▶ _WHAT IS BEING ASKED_: What is needed is an exact copy of the lines in the entries below from the one holding "Heboh Virus Nipah, Kemenkes" through the one holding "Western Blotting (WB)", pictures excluded.

──────── DATA LISTING

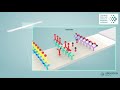 See how a lateral flow immunoassay works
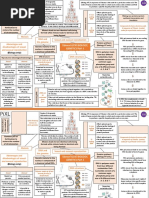 Edexcel GCSE BIOLOGY, Genetics Part 1: Sexual and Asexual Reproduction Meiosis DNA and The Genome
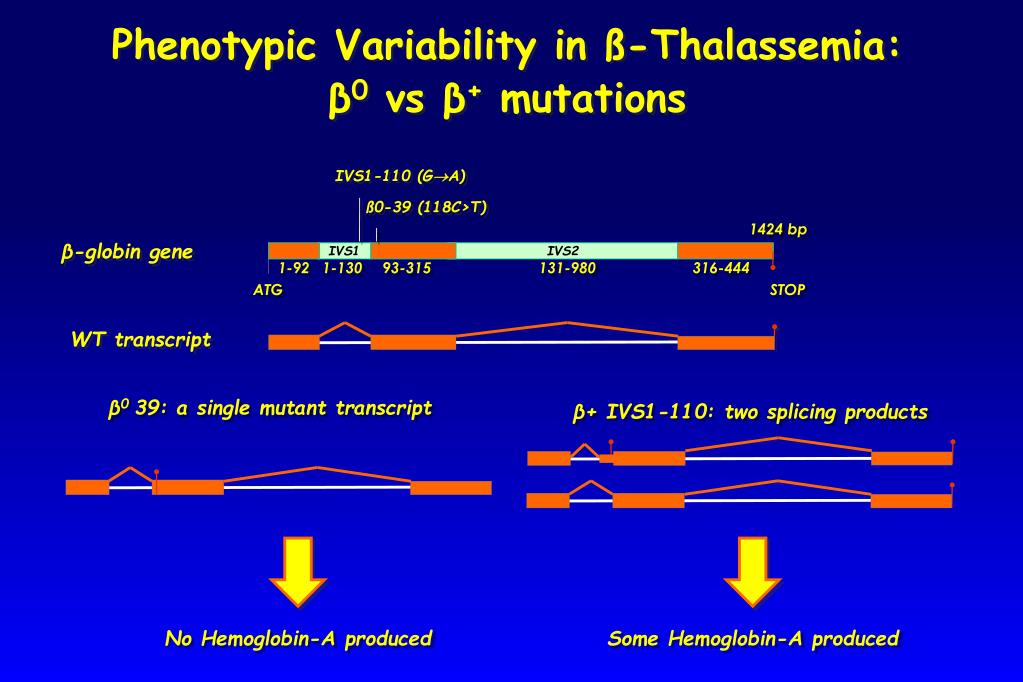PPT - Gene transfer for the cure of ß-thalassemia and ...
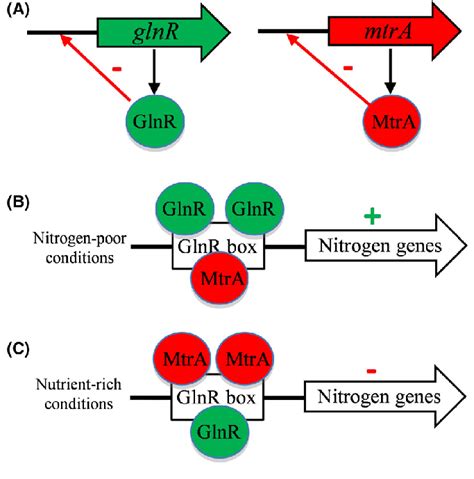 Model For Regulation Of Nitrogen Metabolism Genes By MtrA And GlnR A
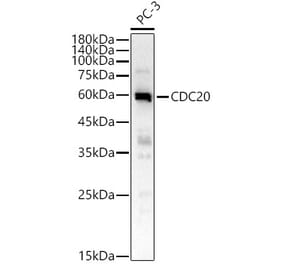Western Blot - Anti-Cdc20 Antibody (A90481) - Antibodies.com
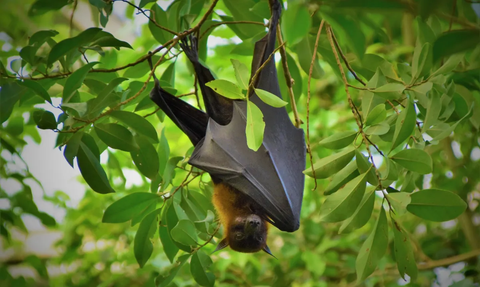 Heboh Virus Nipah, Kemenkes Petakan Wilayah Banyak Kelelawar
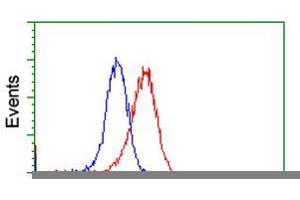 HEK293T cells transfected with either RC212185 overexpress plasmid (Red) or empty vector control plasmid (Blue) were immunostained by anti-VWA5A antibody (ABIN2453785), and then analyzed by flow cytometry. (VWA5A Antikörper)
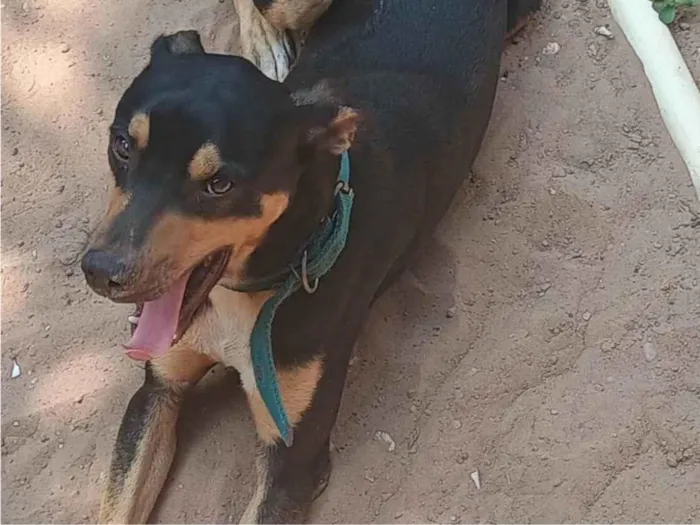 Cachorro ra a SRD-ViraLata idade 1 ano nome Thor 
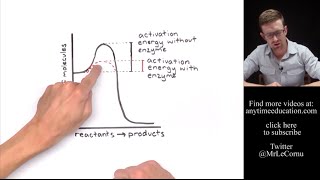 How Do Enzymes Work Activation Energy [upl. by Ferdie]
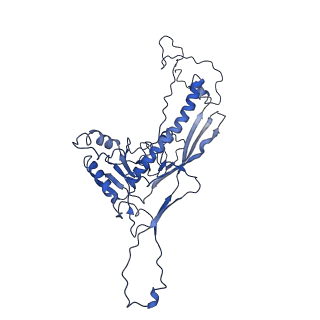 4459_6q3g_SQ_v1-0
Structure of native bacteriophage P68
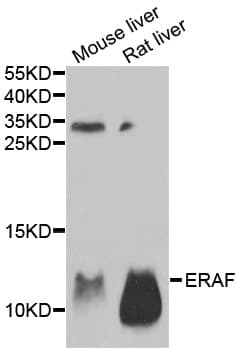 AHSP / EDRF Antibody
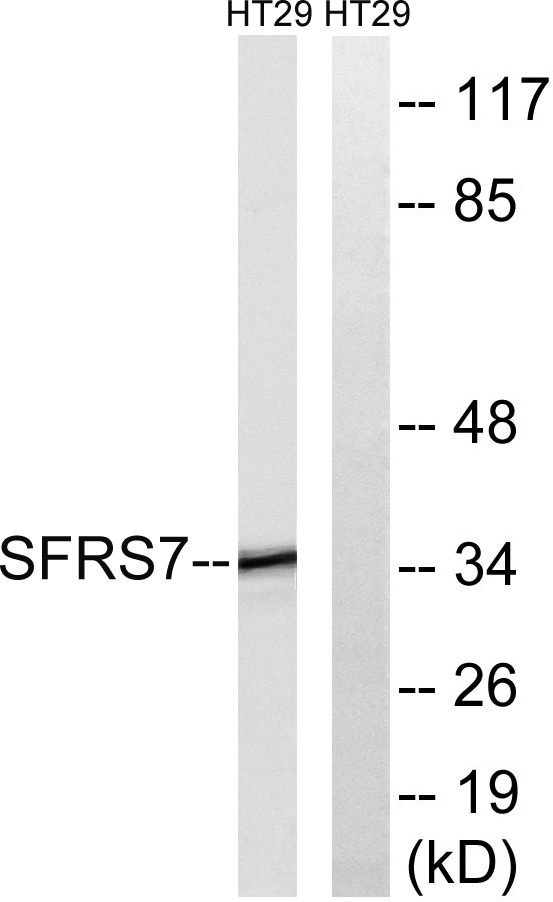 a30768 srsf7 primary antibodies wb testing 4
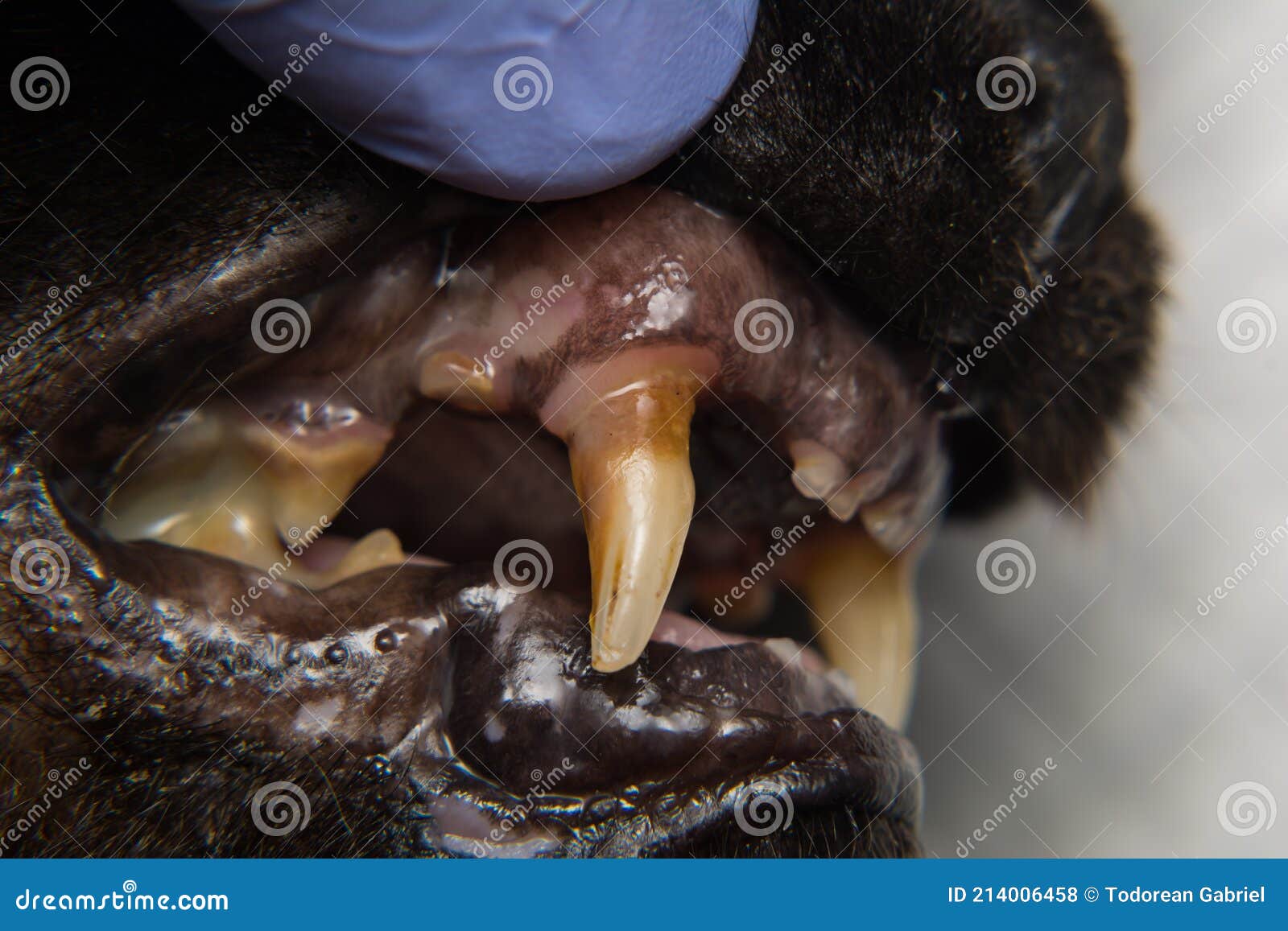 Cat Teeth with Gingival Retraction after Calicivirus Infection Stock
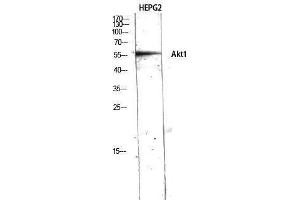 Western Blotting (WB) image for anti-V-Akt Murine Thymoma Viral Oncogene Homolog 1 (AKT1) (N-Term) antibody (ABIN3183239)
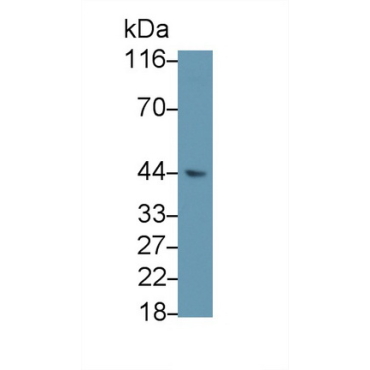 Secreted Frizzled Related Protein 4 (SFRP4) Human Polyclonal Antibody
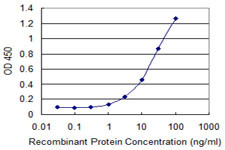 ERBB2 Antibody in ELISA (ELISA)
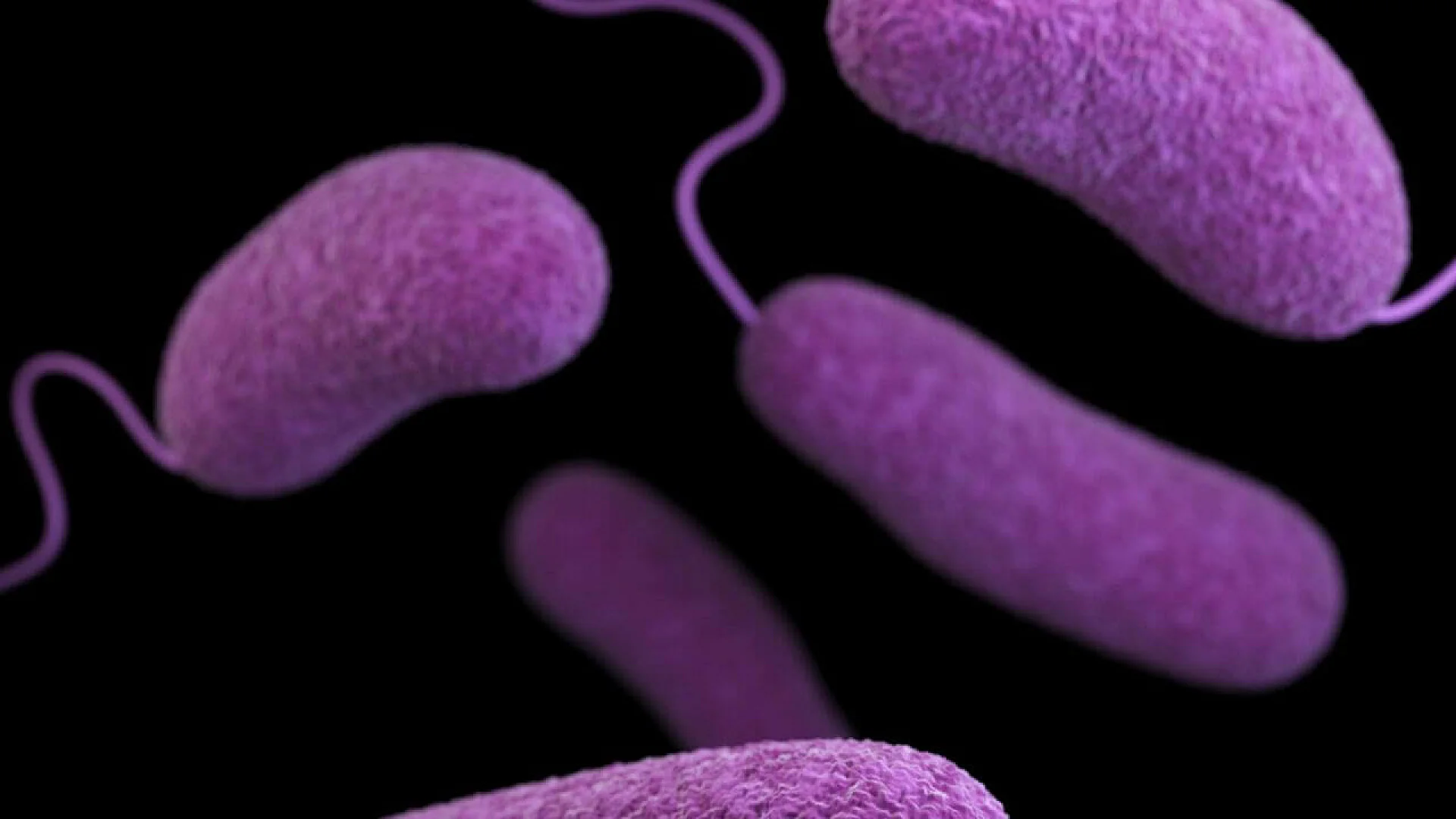 Microscopic illustration of several purple, rod-shaped bacteria with filamentous flagella extending from their ends, against a black background.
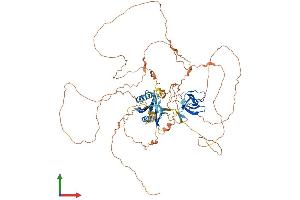 Protein Structure (PS) image for Mitogen-Activated Protein Kinase 8 Interacting Protein 1 (MAPK8IP1) (AA 1-711) protein (His tag) (ABIN7554198)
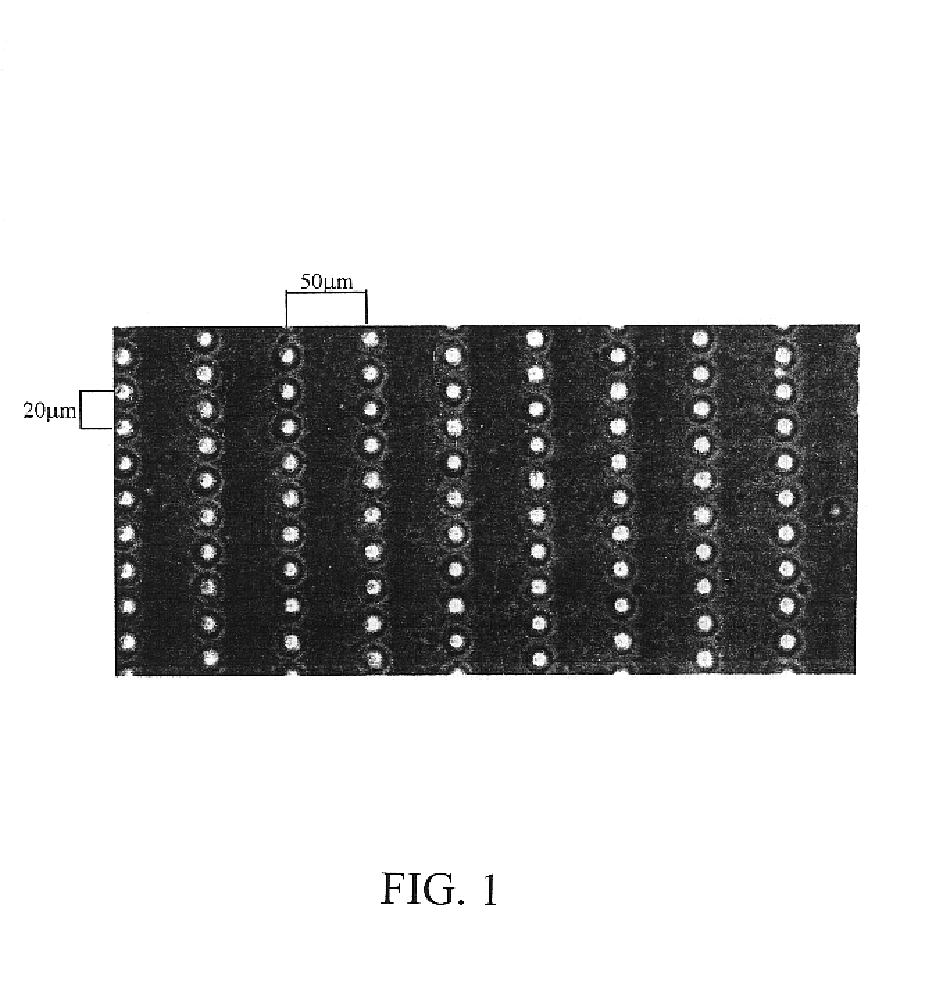 Microfabrication of membranes containing projections and grooves for growing cells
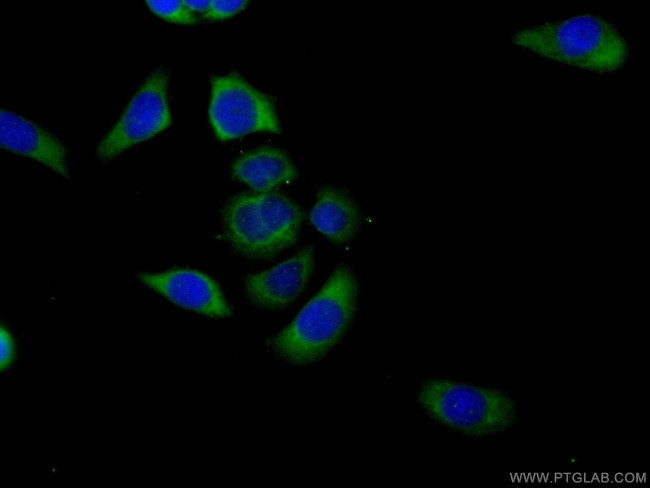 HVCN1 Antibody in Immunocytochemistry (ICC/IF)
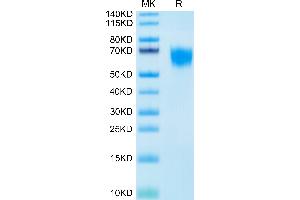 SDS-PAGE (SDS) image for Fibroblast Growth Factor Receptor 4 (FGFR4) (AA 22-369) protein (His-Avi Tag,Biotin) (ABIN7274632)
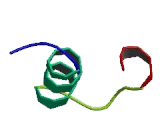 Insulin Like Protein 5 (INSL5)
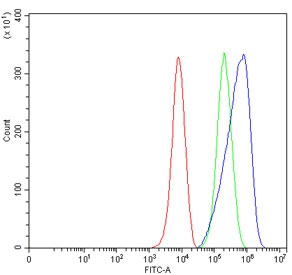 Flow cytometry testing of mouse RAW264.7 cells with Slc3a2 antibody at 1ug/million cells (blocked with goat sera); Red=cells alone, Green=isotype control, Blue= Slc3a2 antibody.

────────────────

▶ _RESULT FOR THIS TASK_:
 Heboh Virus Nipah, Kemenkes Petakan Wilayah Banyak Kelelawar
 HEK293T cells transfected with either RC212185 overexpress plasmid (Red) or empty vector control plasmid (Blue) were immunostained by anti-VWA5A antibody (ABIN2453785), and then analyzed by flow cytometry. (VWA5A Antikörper)
 Cachorro ra a SRD-ViraLata idade 1 ano nome Thor 
 How Do Enzymes Work Activation Energy [upl. by Ferdie]
 4459_6q3g_SQ_v1-0
Structure of native bacteriophage P68
 AHSP / EDRF Antibody
 a30768 srsf7 primary antibodies wb testing 4
 Cat Teeth with Gingival Retraction after Calicivirus Infection Stock
 Western Blotting (WB) image for anti-V-Akt Murine Thymoma Viral Oncogene Homolog 1 (AKT1) (N-Term) antibody (ABIN3183239)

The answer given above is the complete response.